## What you will do
Could the listing below be reproduced exactly, minus its pictures?

## Task inputs
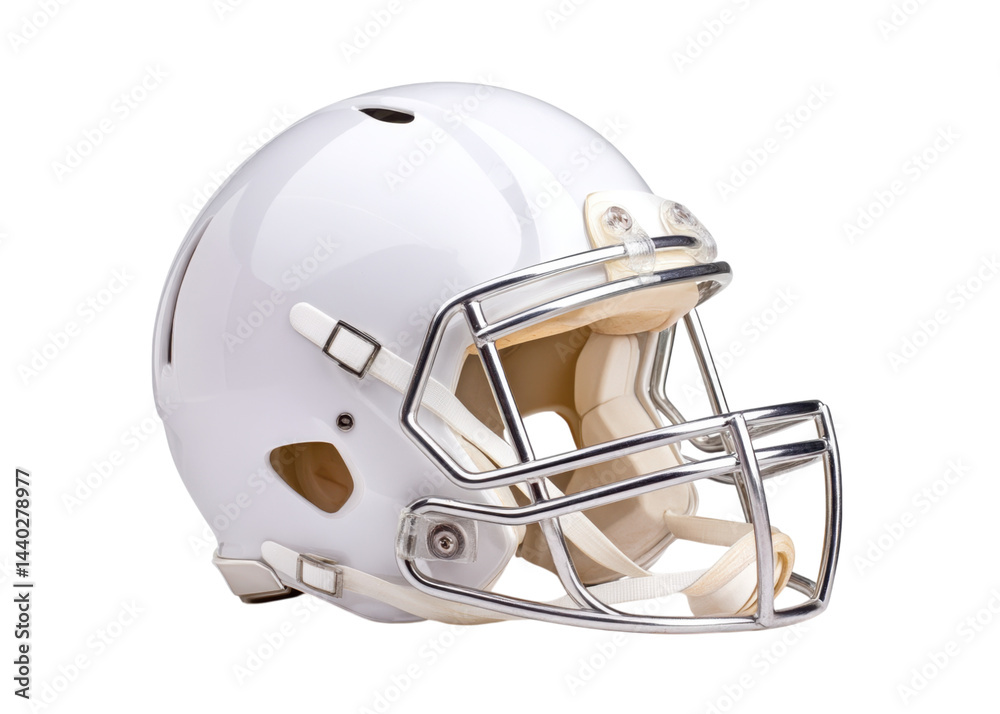 Fototapeta premium Glossy White American Football Helmet on Isolated Background for Sports Imagery Use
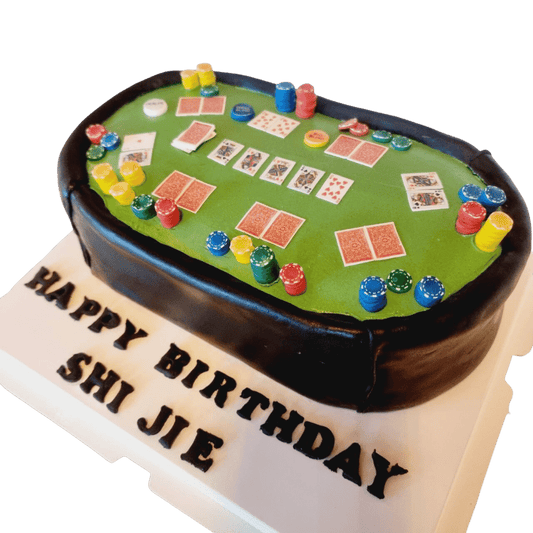 Poker Cards Gambling Table Customise Cake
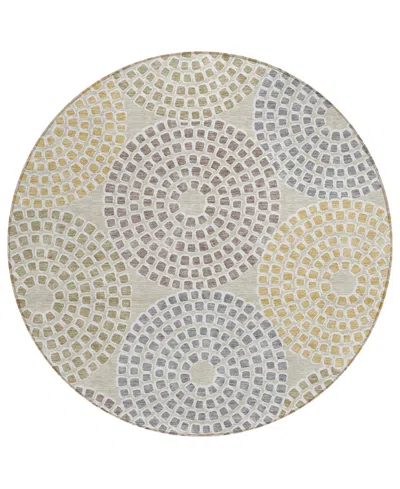 Addison Chantille Acn882 8'x8' Round Area Rug In Beige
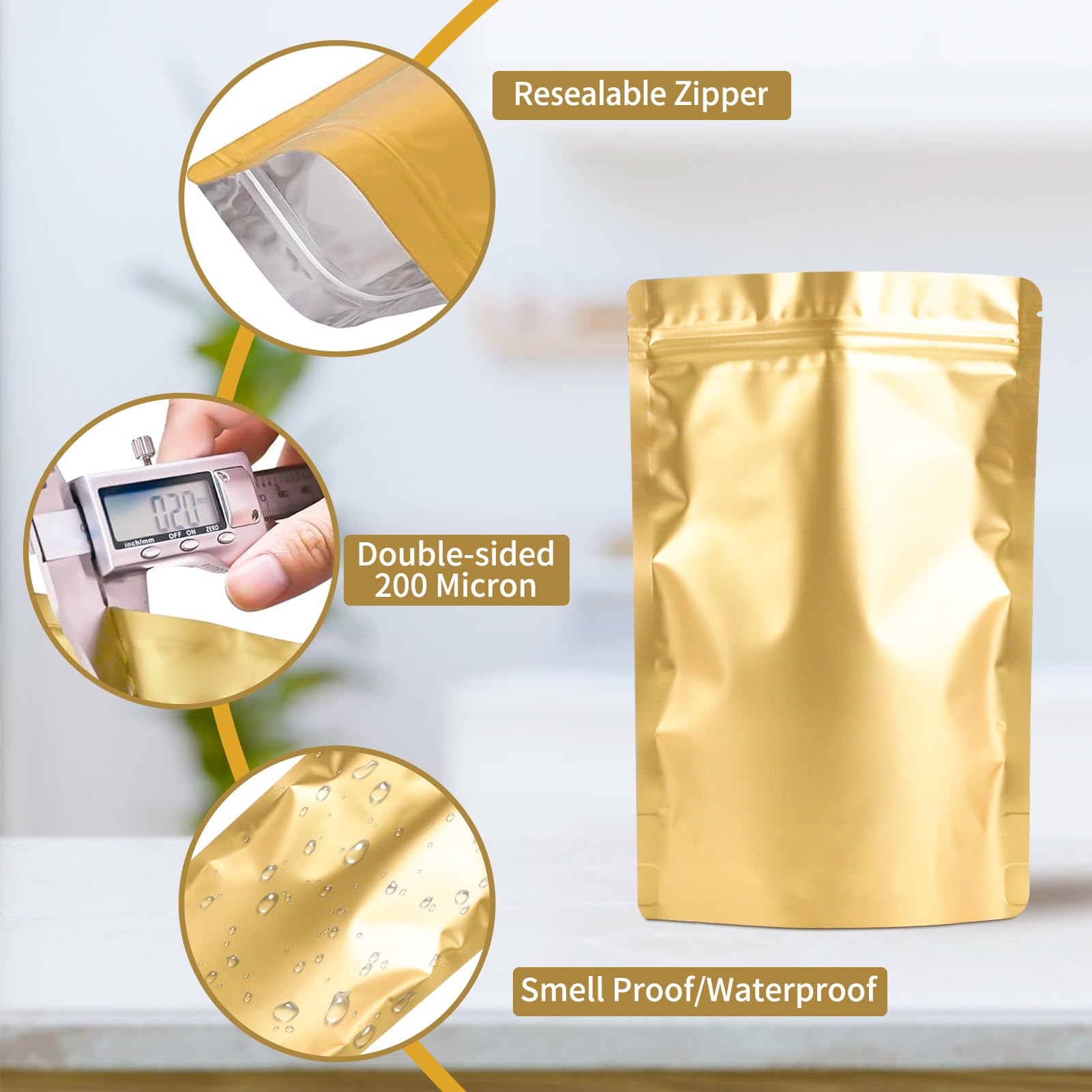 100 Pack Mylar Smell Proof Bags - Resealable Gold Stand Up Pouch Bags with Foil Seal for Food Storage, Coffee, Tea, Herbs & Spices | 3.93×5.9 Inch | Airtight Packaging for Freshness & Odor Control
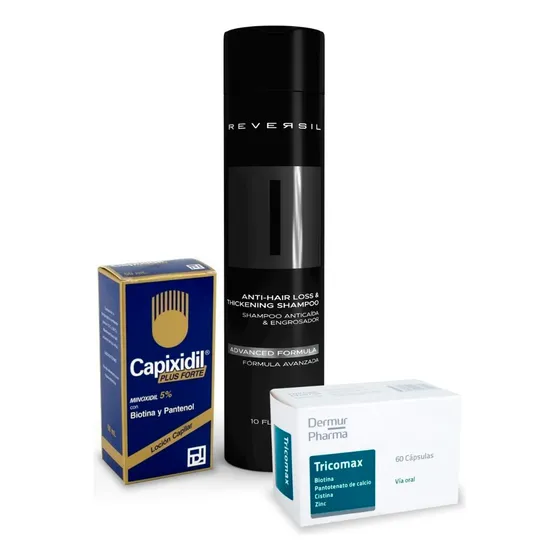 Pack Reversil® Shampoo Anti Caída + Minoxidil 5% + Tricomax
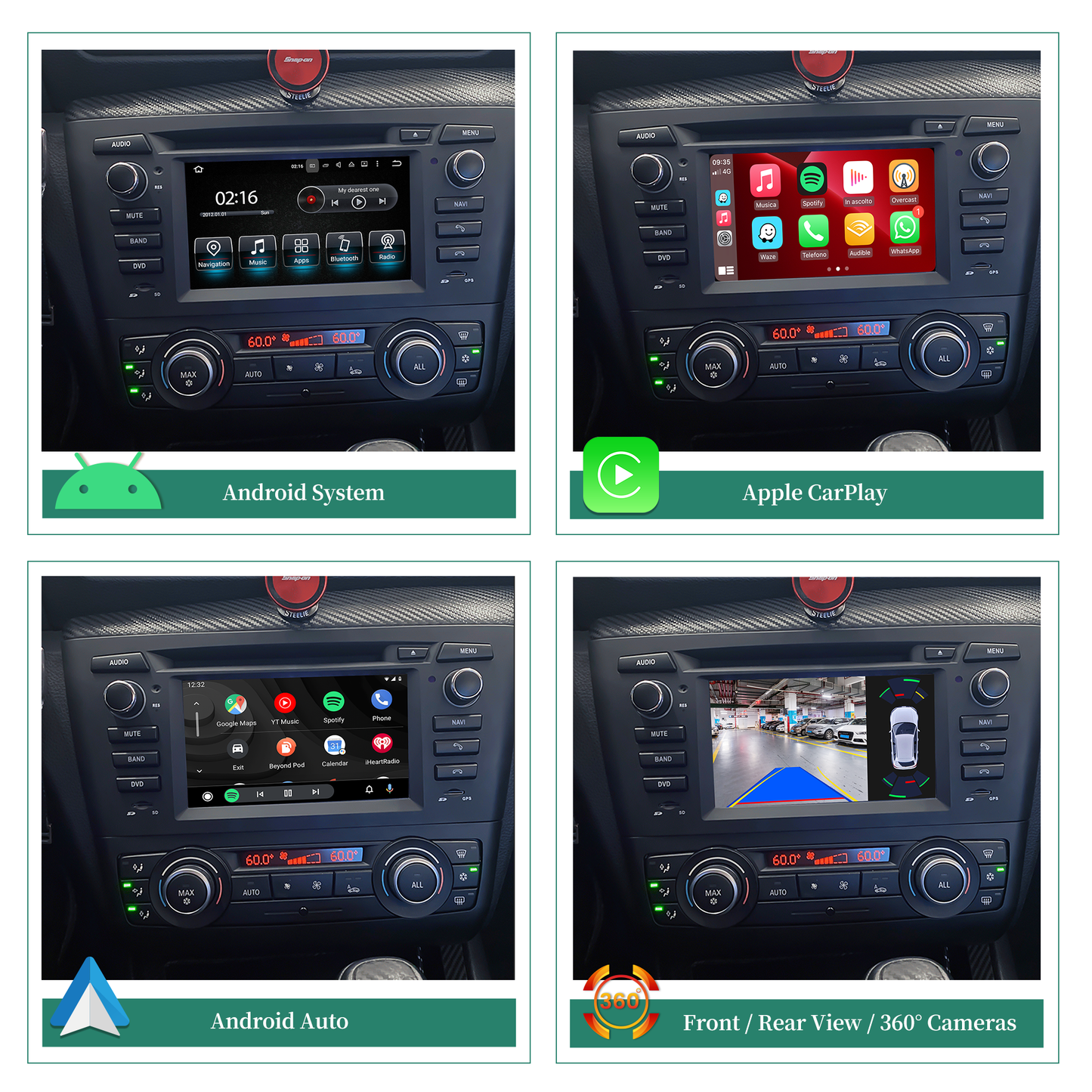 BMW E88 Android Head Unit Upgrade for BMW 1 Series E81 E82 (Automatic) 6.2 inch Touch Screen Car Stereo 4G Wi-Fi Backup Cameras Navi Google Maps RDS DVD Wireless Apple CarPlay Android Auto Spotify Wit-Up Media Refit Tech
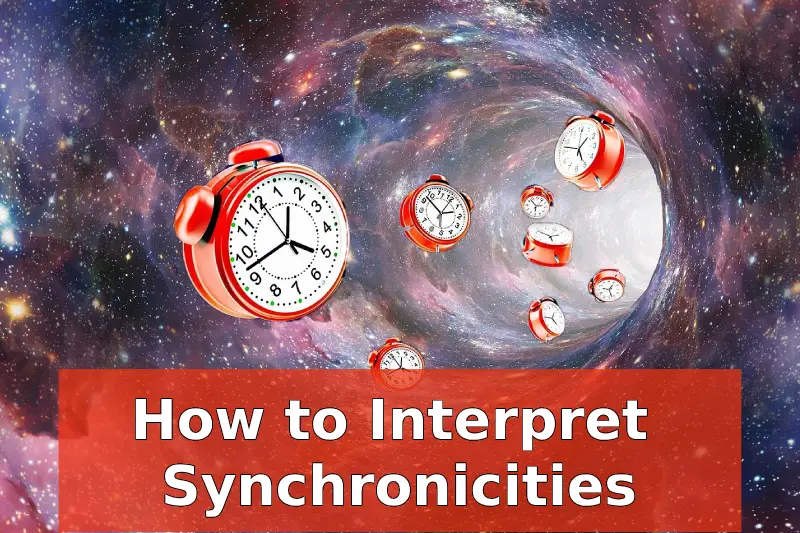 Multiple small red clocks swirling into a galaxy in space. How to interpret synchronicities.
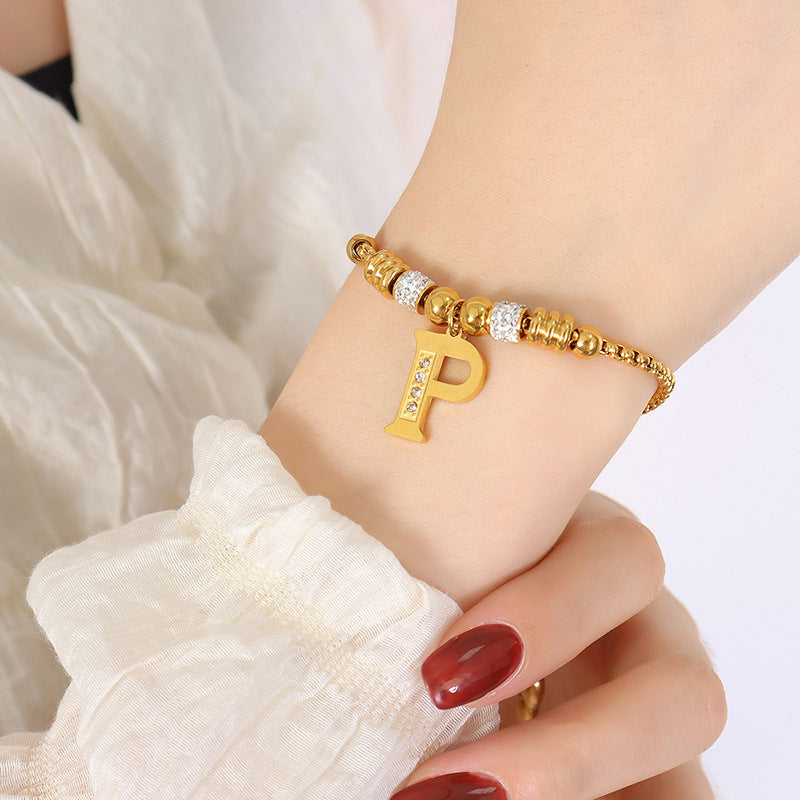 Gold English Letters Pendant Rhinestone Tassel Bracelets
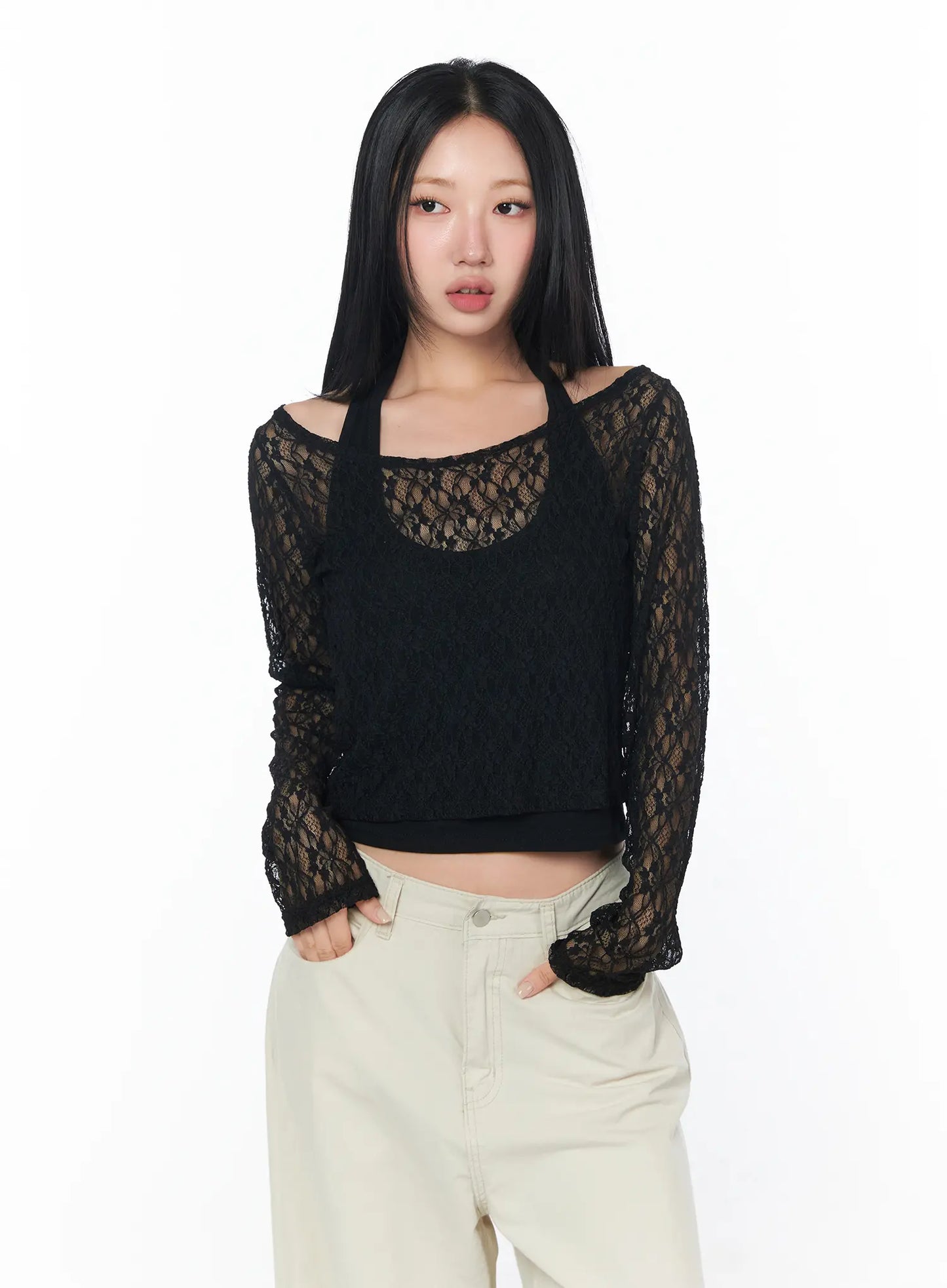 Chic Sheer Lace Top Set CY512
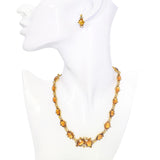 Antique Victorian 9k Yellow Gold Citrine & Pearl Floral Necklace and Earring Set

## Problem solution
 Fototapeta premium Glossy White American Football Helmet on Isolated Background for Sports Imagery Use
 Poker Cards Gambling Table Customise Cake
 Addison Chantille Acn882 8'x8' Round Area Rug In Beige
 100 Pack Mylar Smell Proof Bags - Resealable Gold Stand Up Pouch Bags with Foil Seal for Food Storage, Coffee, Tea, Herbs & Spices | 3.93×5.9 Inch | Airtight Packaging for Freshness & Odor Control
 Pack Reversil® Shampoo Anti Caída + Minoxidil 5% + Tricomax
 BMW E88 Android Head Unit Upgrade for BMW 1 Series E81 E82 (Automatic) 6.2 inch Touch Screen Car Stereo 4G Wi-Fi Backup Cameras Navi Google Maps RDS DVD Wireless Apple CarPlay Android Auto Spotify Wit-Up Media Refit Tech
 Multiple small red clocks swirling into a galaxy in space. How to interpret synchronicities.
 Gold English Letters Pendant Rhinestone Tassel Bracelets
 Chic Sheer Lace Top Set CY512
 Antique Victorian 9k Yellow Gold Citrine & Pearl Floral Necklace and Earring Set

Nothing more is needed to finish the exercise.